I will start from the end, namely answering why the two plots look so different. I point out first that the resulting sampled signals (one as a "nicer plot" sampled directly at 210 Hz, and the other as a "bad plot" first sampled at 2.1 Hz and then interpolated linearly to 210 Hz) are both sampled at the same rate of 210 Hz, and not just a plotting artifact as may be incorrectly concluded in haste. The "nicer plot" is also consistent with using better interpolation techniques to recreate the higher sampled signal, while the "bad plot" has been done with a First Order Hold (FOH) interpolation only.

One common approach of interpolating a signal to a higher sampling rate when the interpolation is an integer amount ($I$ times the original sampling rate with $I$ as any positive integer) is to first upsample through the insertion of $I-1$ zeros between every sample, followed by filtering to remove the resulting spectral images. Combining the two is referred to as "interpolation". This approach will lend itself nicely to a straight forward approach for quantifying the error, that once understood can easily be extended to non-integer cases.
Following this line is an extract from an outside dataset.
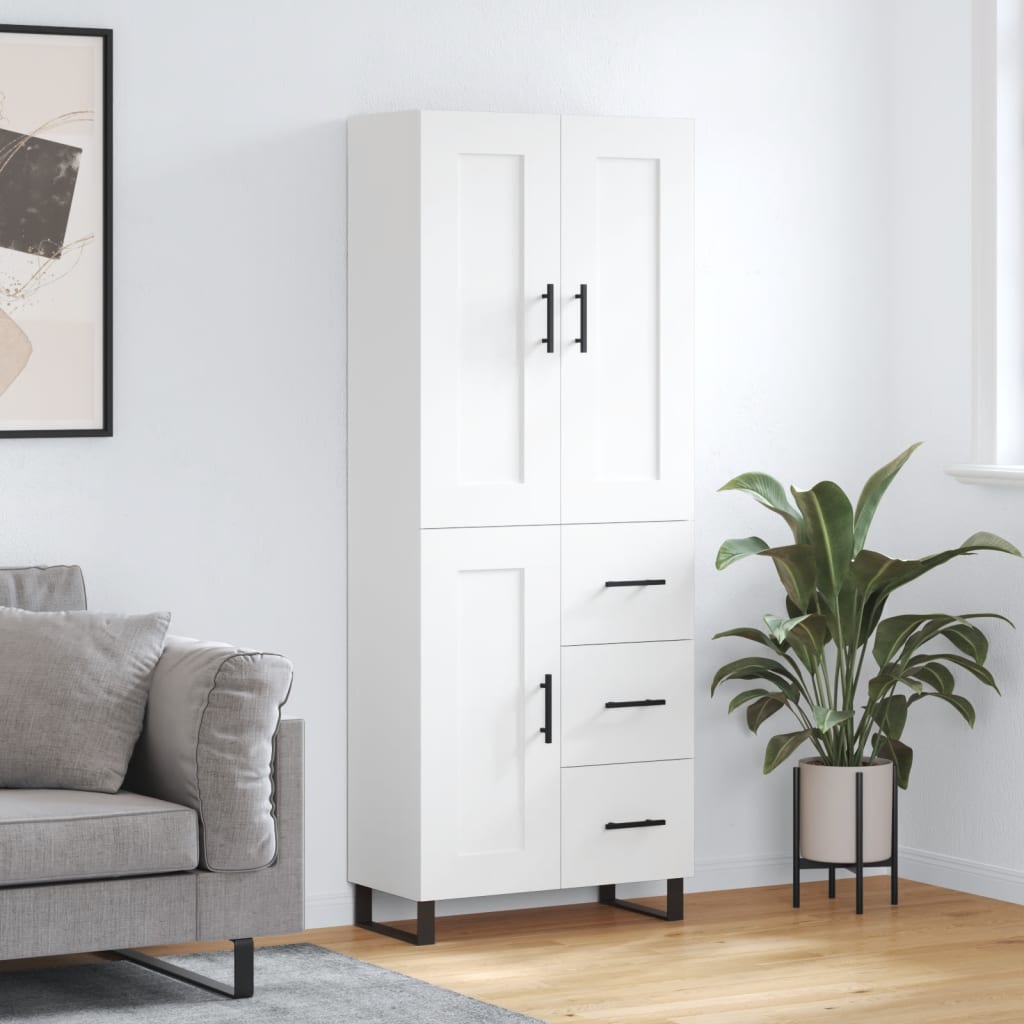 Hoge kast 69,5x34x180 cm bewerkt hout wit is nu te koop bij PeponiXL, paradijselijk wonen!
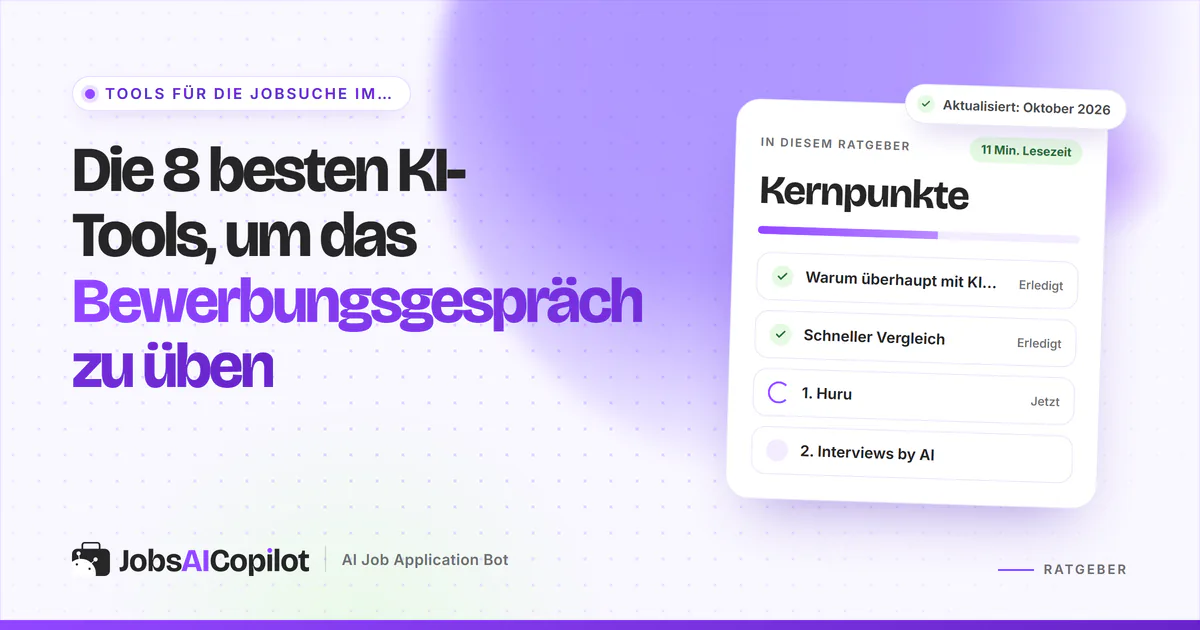 Die 8 besten KI-Tools fürs Bewerbungsgespräch: Titelkarte neben einer Checkliste der Kernpunkte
In the OP's case, the filter is being done with a FOH filter. In general, although the Nyquist criteria is met, the closer the sampling is to the Nyquist criteria, the more complex is the filtering to remove those spectral images, and an FOH filter is not a very good one.

As to the side note question about the appearance of a superposition of sine waves, I refer to the OP to this post which answers that specifically.

Details

The OP is interested in the limitations of reconstruction using a First-Order-Hold (FOH) only. To understand this, I will first detail the zero insert and filter method of resampling to a higher sampling rate. An FOH interpolation creates new samples between the existing samples that land on a linearly connected line between the samples. This is in contrast to a Zero-Order-Hold (ZOH) which adds to new samples between the existing samples that are at the same value as the last previous sample at the input rate (similar to a "sample and hold"). For further details on the digital interpolation process through zero insert followed by filtering, please see this post which also quantifies the ZOH and FOH filters.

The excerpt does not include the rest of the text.